Data extract:
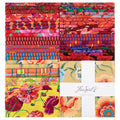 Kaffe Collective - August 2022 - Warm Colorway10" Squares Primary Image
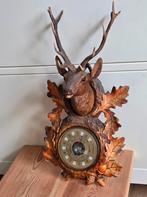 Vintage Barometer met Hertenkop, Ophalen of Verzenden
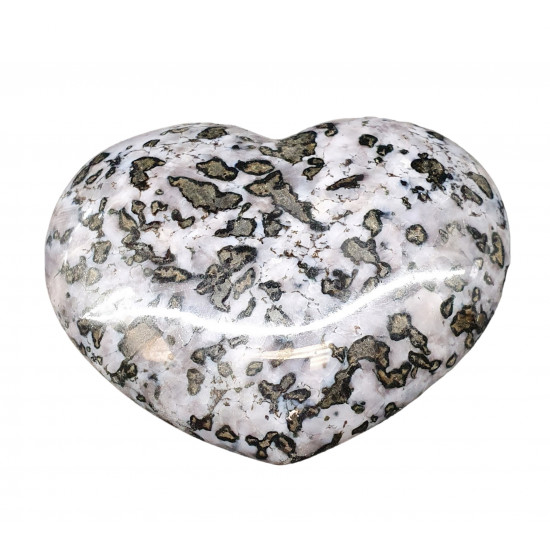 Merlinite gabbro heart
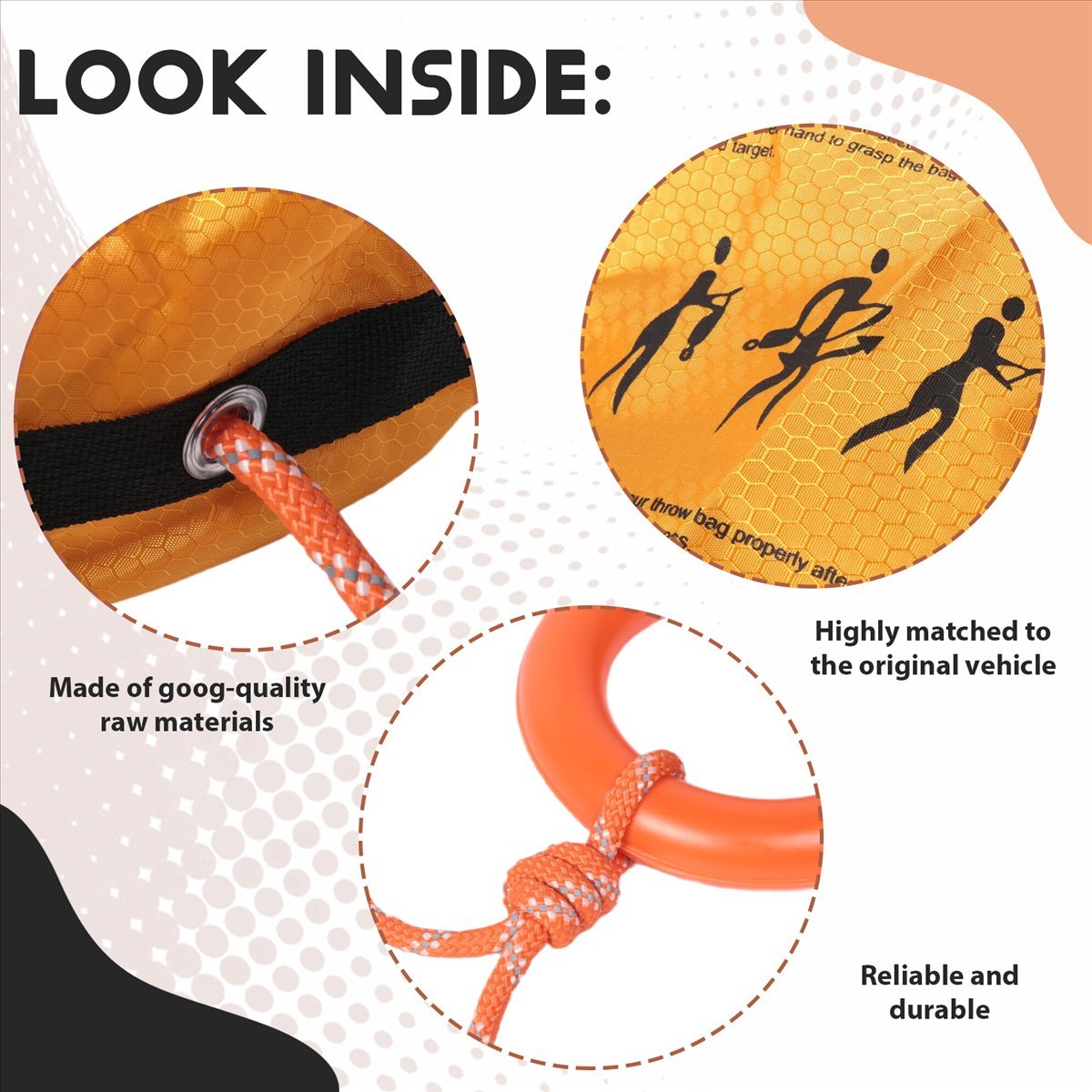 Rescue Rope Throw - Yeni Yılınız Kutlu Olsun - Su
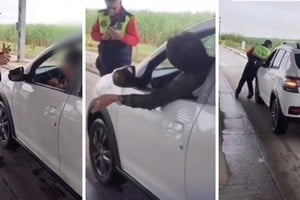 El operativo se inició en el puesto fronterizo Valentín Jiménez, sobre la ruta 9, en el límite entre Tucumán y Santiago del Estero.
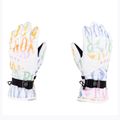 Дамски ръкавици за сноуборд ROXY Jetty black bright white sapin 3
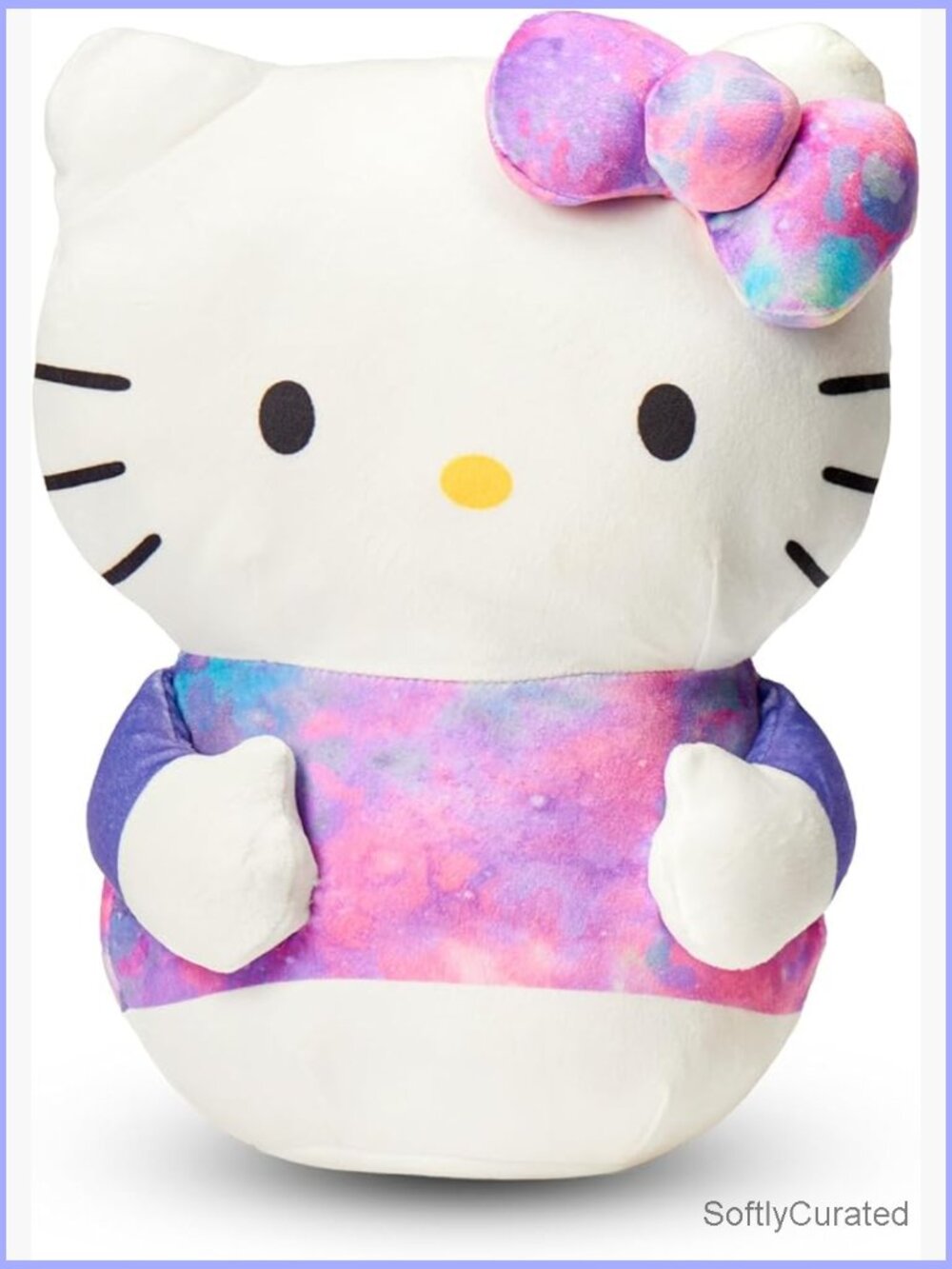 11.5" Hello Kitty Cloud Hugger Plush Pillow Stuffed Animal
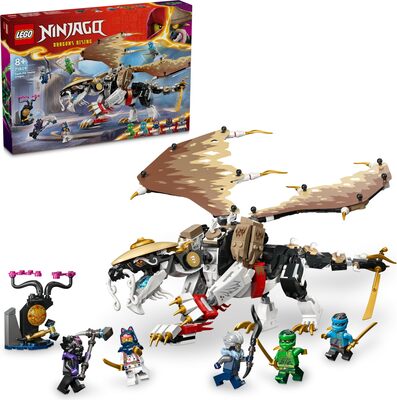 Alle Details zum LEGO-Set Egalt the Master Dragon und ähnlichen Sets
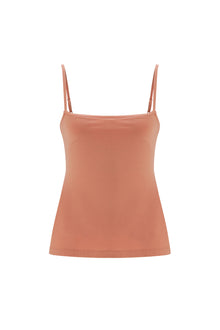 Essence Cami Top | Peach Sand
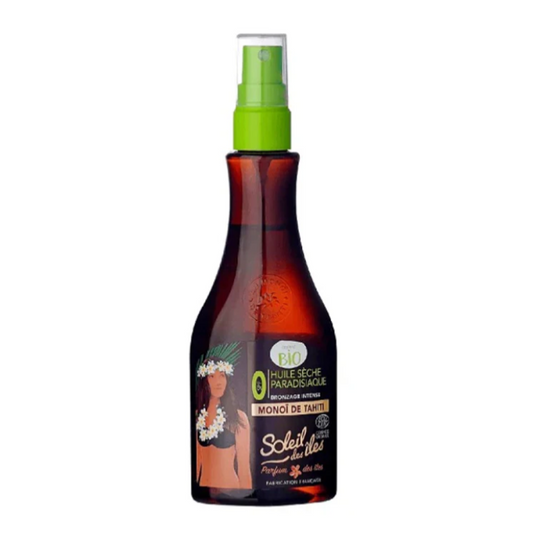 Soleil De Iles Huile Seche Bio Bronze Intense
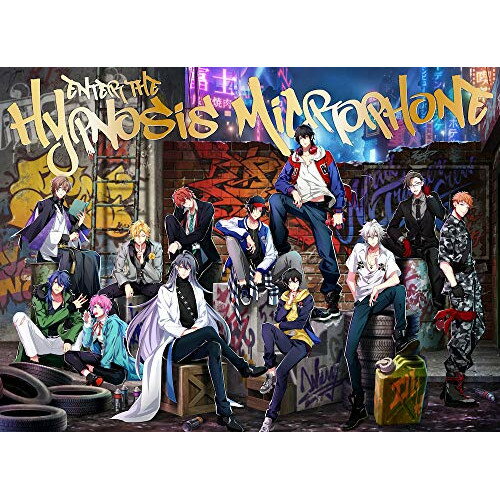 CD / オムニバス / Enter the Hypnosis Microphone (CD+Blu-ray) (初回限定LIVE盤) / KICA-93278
...
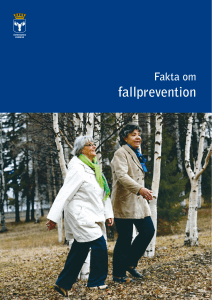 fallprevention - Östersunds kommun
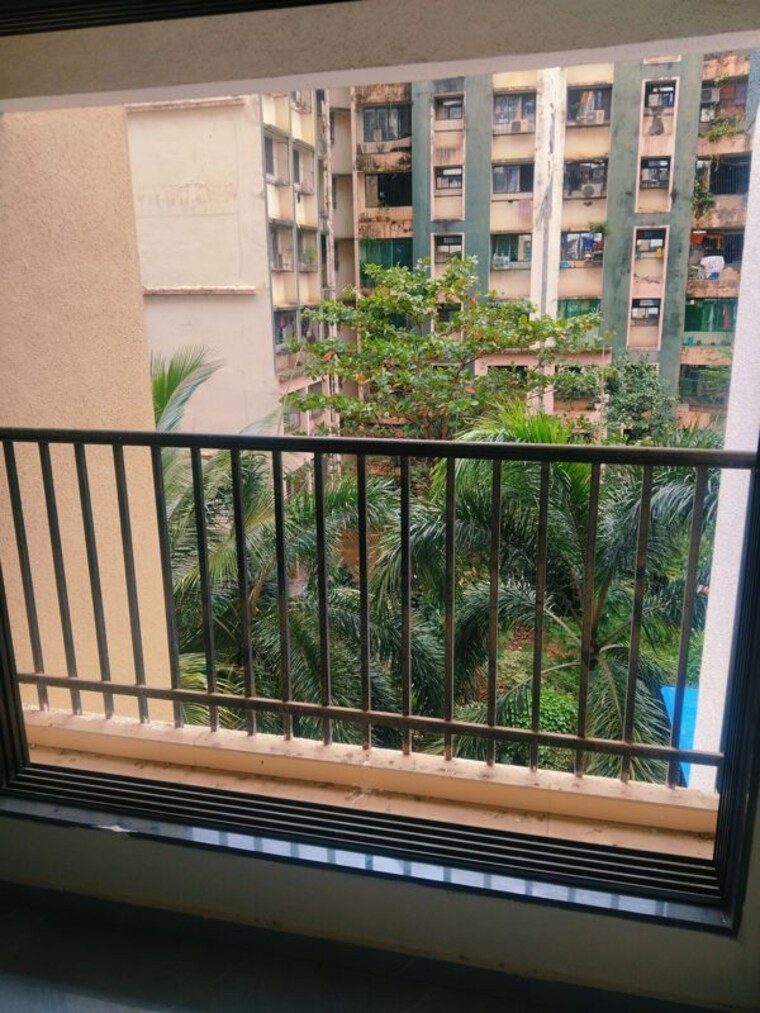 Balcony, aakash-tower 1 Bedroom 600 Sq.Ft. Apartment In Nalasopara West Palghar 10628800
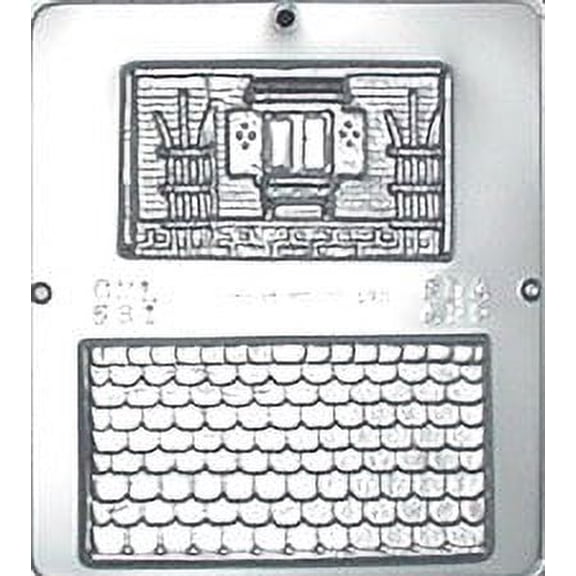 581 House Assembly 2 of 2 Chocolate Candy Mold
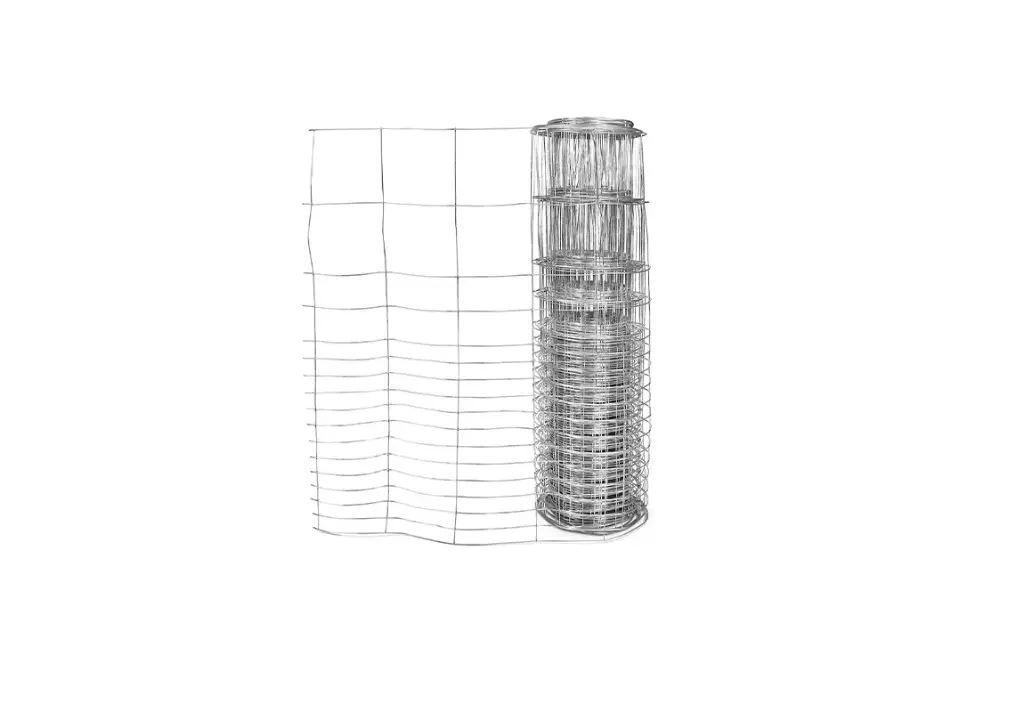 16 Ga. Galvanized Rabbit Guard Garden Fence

Exercise description: From the listing above, restate verbatim the lines running from the one with "Essence Cami Top | Peach Sand" through the one with "CD / オムニバス /", inclusive, but not the pictures.

The completed task:
 Essence Cami Top | Peach Sand
 Soleil De Iles Huile Seche Bio Bronze Intense
 CD / オムニバス / Enter the Hypnosis Microphone (CD+Blu-ray) (初回限定LIVE盤) / KICA-93278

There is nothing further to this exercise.